Extracted data entries
*** Begin section ***
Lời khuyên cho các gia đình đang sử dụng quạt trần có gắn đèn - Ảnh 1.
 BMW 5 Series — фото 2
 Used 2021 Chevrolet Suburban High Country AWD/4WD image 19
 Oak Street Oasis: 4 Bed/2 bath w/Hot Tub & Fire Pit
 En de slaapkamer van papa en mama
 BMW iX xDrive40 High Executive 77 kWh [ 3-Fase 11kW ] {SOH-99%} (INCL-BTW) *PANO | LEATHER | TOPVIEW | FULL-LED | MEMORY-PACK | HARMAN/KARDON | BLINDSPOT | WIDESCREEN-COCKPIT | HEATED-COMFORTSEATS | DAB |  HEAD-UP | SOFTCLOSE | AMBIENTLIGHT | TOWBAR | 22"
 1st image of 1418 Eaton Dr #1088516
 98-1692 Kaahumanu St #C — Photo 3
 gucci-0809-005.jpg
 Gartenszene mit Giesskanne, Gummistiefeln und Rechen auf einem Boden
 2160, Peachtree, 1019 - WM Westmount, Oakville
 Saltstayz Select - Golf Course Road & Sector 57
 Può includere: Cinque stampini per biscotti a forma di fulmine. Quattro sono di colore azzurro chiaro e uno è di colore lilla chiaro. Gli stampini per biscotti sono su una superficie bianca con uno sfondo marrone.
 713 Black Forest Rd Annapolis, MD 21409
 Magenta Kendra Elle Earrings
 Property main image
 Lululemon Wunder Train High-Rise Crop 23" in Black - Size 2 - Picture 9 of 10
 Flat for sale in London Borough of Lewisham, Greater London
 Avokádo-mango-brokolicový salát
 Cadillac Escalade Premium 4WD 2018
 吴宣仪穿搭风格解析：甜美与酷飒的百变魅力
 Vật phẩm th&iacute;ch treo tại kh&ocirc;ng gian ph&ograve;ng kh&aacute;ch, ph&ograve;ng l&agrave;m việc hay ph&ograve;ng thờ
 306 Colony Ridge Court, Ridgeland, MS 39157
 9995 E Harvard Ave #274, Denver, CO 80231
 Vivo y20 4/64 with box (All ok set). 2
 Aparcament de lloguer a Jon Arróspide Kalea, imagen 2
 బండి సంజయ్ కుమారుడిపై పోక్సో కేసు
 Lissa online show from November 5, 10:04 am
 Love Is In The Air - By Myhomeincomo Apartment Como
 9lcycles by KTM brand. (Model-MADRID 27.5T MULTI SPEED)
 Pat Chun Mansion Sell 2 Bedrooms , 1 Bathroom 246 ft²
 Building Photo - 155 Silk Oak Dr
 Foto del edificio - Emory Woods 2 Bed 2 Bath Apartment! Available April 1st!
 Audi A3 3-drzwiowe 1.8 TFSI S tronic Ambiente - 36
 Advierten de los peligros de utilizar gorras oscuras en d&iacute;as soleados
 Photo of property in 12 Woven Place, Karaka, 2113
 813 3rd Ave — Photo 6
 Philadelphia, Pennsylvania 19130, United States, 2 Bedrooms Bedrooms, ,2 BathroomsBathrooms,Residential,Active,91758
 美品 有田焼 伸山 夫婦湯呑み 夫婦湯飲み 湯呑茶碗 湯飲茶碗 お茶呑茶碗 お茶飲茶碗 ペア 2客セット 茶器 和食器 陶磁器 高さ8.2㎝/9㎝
*** End section ***
* **EXERCISE BRIEF**:
Your task is to repeat the records exactly. Begin at their first line and stop after the line containing "En de slaapkamer van papa en mama".

* **RESPONSE TO THE TASK**:
Lời khuyên cho các gia đình đang sử dụng quạt trần có gắn đèn - Ảnh 1.
 BMW 5 Series — фото 2
 Used 2021 Chevrolet Suburban High Country AWD/4WD image 19
 Oak Street Oasis: 4 Bed/2 bath w/Hot Tub & Fire Pit
 En de slaapkamer van papa en mama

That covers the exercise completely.